A recent spate of disappearances occurring in China, involving bosses of some of the country’s top industries, has many questioning whether some kind of conspiracy may be at work.
The latest among the incidents involving vanishing businessmen in China revolves around Guo Guangchang, chairman of Fosun International, which BBC news describes as “one of China’s most prominent asset management firms.” The company issued a statement late last week, stating that its shares have been suspended in the wake of Guangchang’s disappearance.
Fosun International isn’t the only company that has been affected by the purported “vanishing bosses” problem. In recent weeks, Hong Kong’s Guotai company has seen shares in its stocks falling in the aftermath of an announcement about its chief executive disappearing. Citic Securities, perhaps China’s very largest brokerage, has similarly lost two of its prominent investment bankers in recent weeks.
So the question on many people’s minds, in China and abroad, is where have they gone?
Guo Guangchang’s disappearance is notable among the rest, especially since the Fosun chairman had often likened himself to being an eastern counterpart to America’s Warren Buffett. His company had also recently made a number of acquisitions, the BBC reports. Some have speculated that this may have something to do with the disappearance, although it isn’t the only theory about the rash of missing Chinese executives.
Earlier in 2015, Beijing had undergone a number of high-profile investigations into businesses—particularly brokerages—which the Chinese government had believed were seeking to profit from severe volatility in the Chinese stock market. As the financial sector had been no stranger to questionable ethics, some assert that the government is merely closing its grip around those who might take liberties with the financial system.
Many attribute the disappearances to what is known as “Shuanggui”, a process involving a detention system enacted by China’s ruling party pertaining to one of its members, variously called “shuangzhi” if the detainee is a non-party member. President Xi Jinping had instituted the policy as an anti-corruption tactic throughout his campaign.
Bloomberg Business reports that shilian, the Chinese term meaning “lost contact”, has “become a euphemism in China for the party holding executives and officials for questioning or arrest, often indefinitely and at an undisclosed location. That practice has long been criticized by human rights activists who say the lack of transparency and accountability opens the door to abuses such as torture.”

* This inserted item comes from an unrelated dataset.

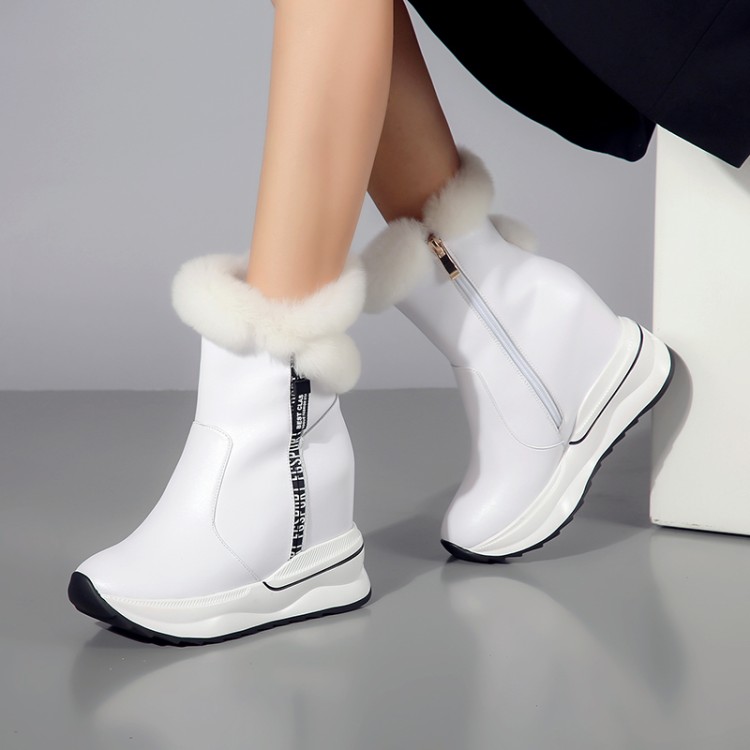 

2020 New Women Platform high heel boots Genuine Leather Wedge Ankle Boots Female Warm short plush inside Women Snow, Black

But the disappearances in China’s business sector aren’t the only incidents that are getting attention in the country. In November, it was reported that four individuals associated with the politically-driven Causeways Bookstore, a Chinese independent supplier of “gossipy paperbacks” which often criticize the Chinese ruling party, had also vanished. Those associated with the missing employees were convinced that the disappearances had been due to similar detentions.
With the politically-fueled intolerance for corruption and, apparently, criticism just as well, it is with little doubt that the disappearances that have occurred in China have less to do with the kinds of bizarre vanishing acts that occasionally occur in the realms of speculative nonfiction and conspiracy literature. These incidents, if anything, highlight the kinds of problems the Chinese people have long dealt with—and still face today—in a country whose leaders are intolerant of opinions that differ from their own positions and authority.